Tadlock had the feeling that in their faces was the look of something withheld. He studied them, then let his gaze stray off to the camp where the wagons stood idle and the new-done wash stirred on lines the women had run from wagon to wagon. He saw the tent that had been put up to shelter Martin and Weatherby standing by it, his rusty coat donned out of respect to sickness. Women and children moved among the wagons and the fires that were being allowed to die. Women always managed to improve the movement, Tadlock reflected while his eyes went from them to four men who lay by Patch's wagon. One of them was stabbing idly at the ground with a knife. He thought he could hear Martin's voice, maybe crying to Jesus.

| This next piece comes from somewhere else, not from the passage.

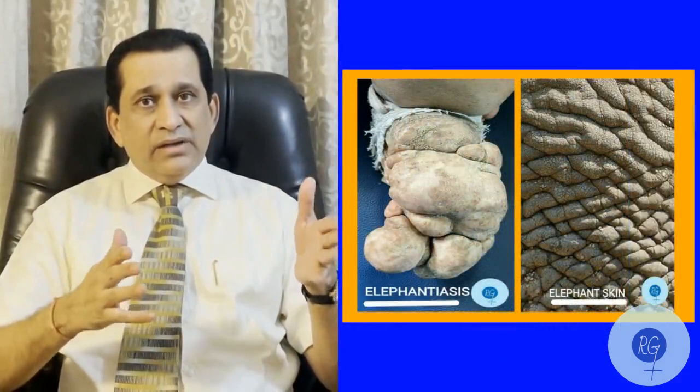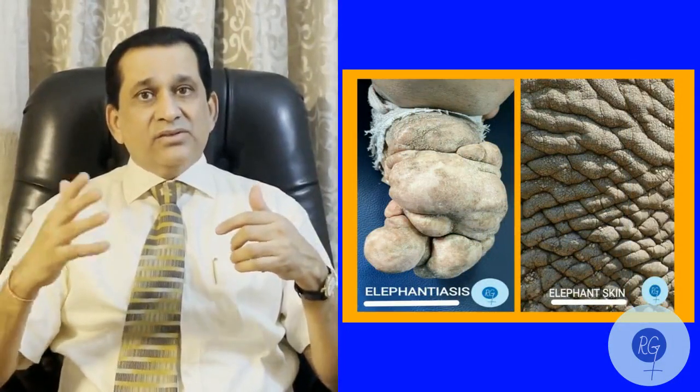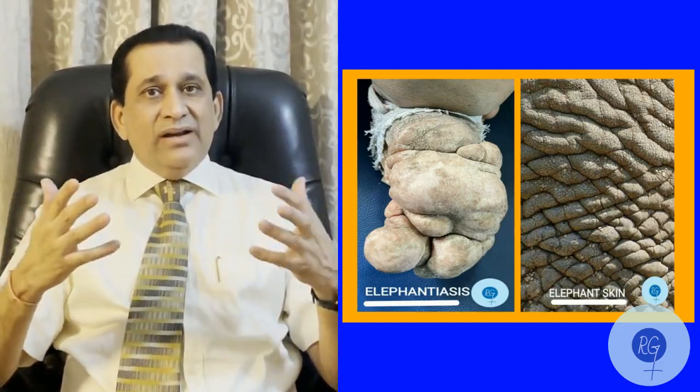So here you have a patient who has a very big limb and a very hard and thick skin, which is very similar to the elephant. Hence it is called elephantiasis. I hope now you understand the reason why elephantiasis is called elephantiasis. I hope you have enjoyed this video — for many more videos, please stay tuned to HiDoc Virtual Cases.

"Well," he said, "we have a decision to make."
They didn't answer him. They sat waiting, their lids narrowed against the sun. It would be warm today and dazzlingly bright, the sun striking back from the sand and the saltlike patches that lay on it.
He caught Evans' eye. "You're willing to abide by the decision of the council?"
"Are you?"
"Naturally." Tadlock gave his attention to the others. "We need to remember that the trick is to keep moving. It will be late fall before we reach Oregon in any case."
Evans brought his hand to his face and rubbed his broad cheek as if rubbing helped him to think. "I ain't denyin' what you say, Tadlock, but we been makin' good time. It ain't as if we couldn't spare a day or two."
"We'll meet other delays, you know."
"Maybe so."
"Delays we can't avoid."
Evans changed his position on the ground. When he spoke he looked at the others. "It don't seem to me we have to be so hellbent to beat everybody. Way I figure, we'll pass and be passed before this jig is over."
Mack said, "You're half racehorse, Irvine. You're bred to run in front."